#### Information provided:
--------------------------------

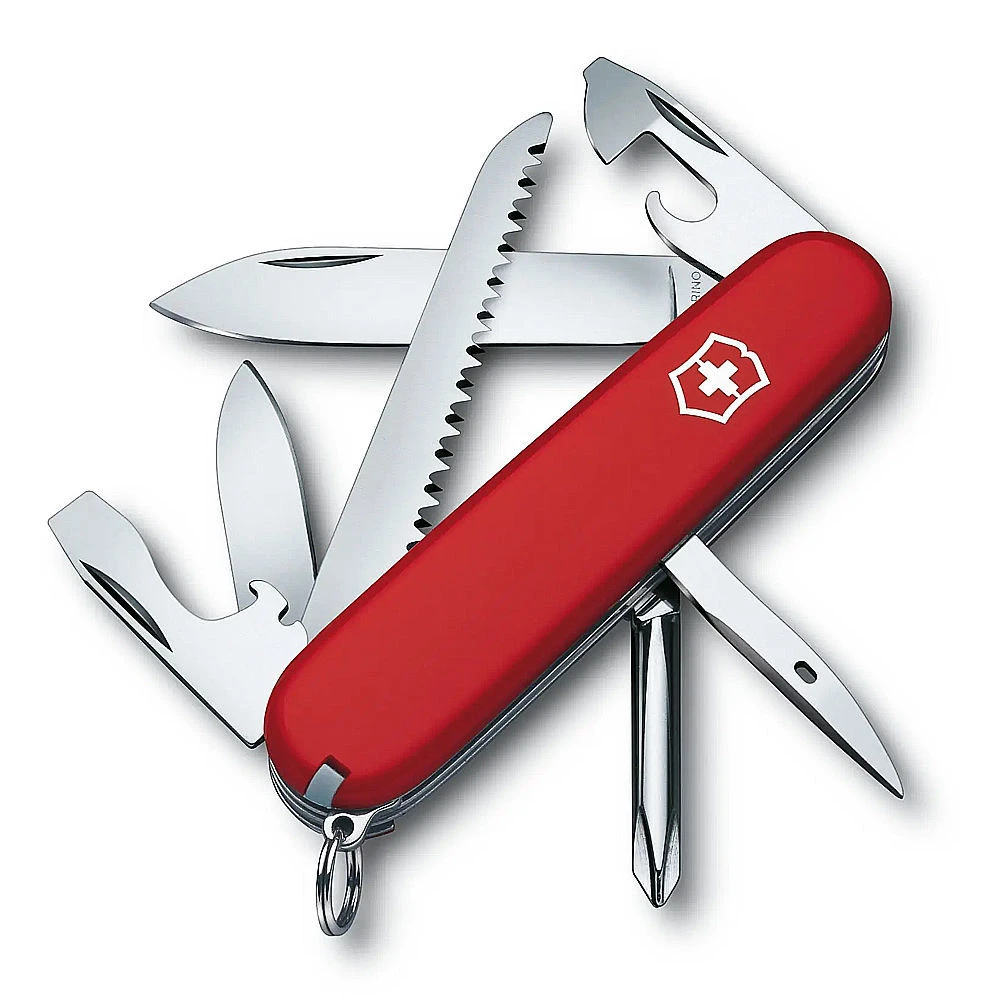Victorinox Hiker 1 Victorinox Hiker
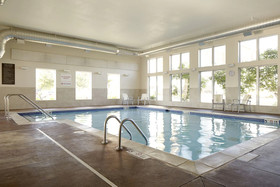 Hyatt Place Waco South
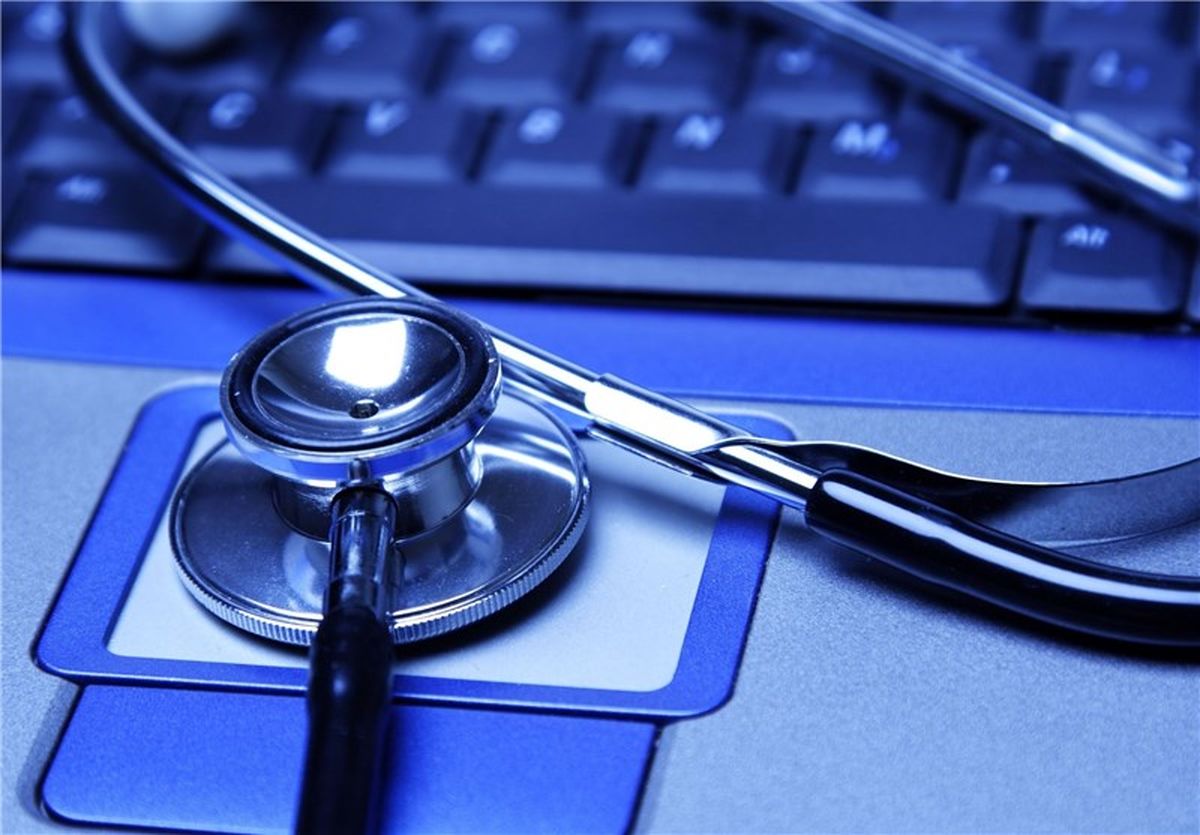 اعتراف وزارت بهداشت به افزایش بیشتر از نرخ تورم "تعرفه خدمات پزشکی"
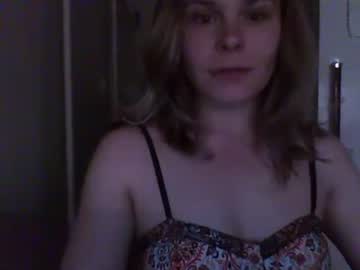 [31-03-23] skyhigh880 premium show video from Chaturbate.com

--------------------------------

#### Directions for this task:
Counting the line with "اعتراف وزارت بهداشت" and the last line of the data above, transcribe those two lines and every line between them exactly, without the pictures.

#### Answer to the problem:
 اعتراف وزارت بهداشت به افزایش بیشتر از نرخ تورم "تعرفه خدمات پزشکی"
 [31-03-23] skyhigh880 premium show video from Chaturbate.com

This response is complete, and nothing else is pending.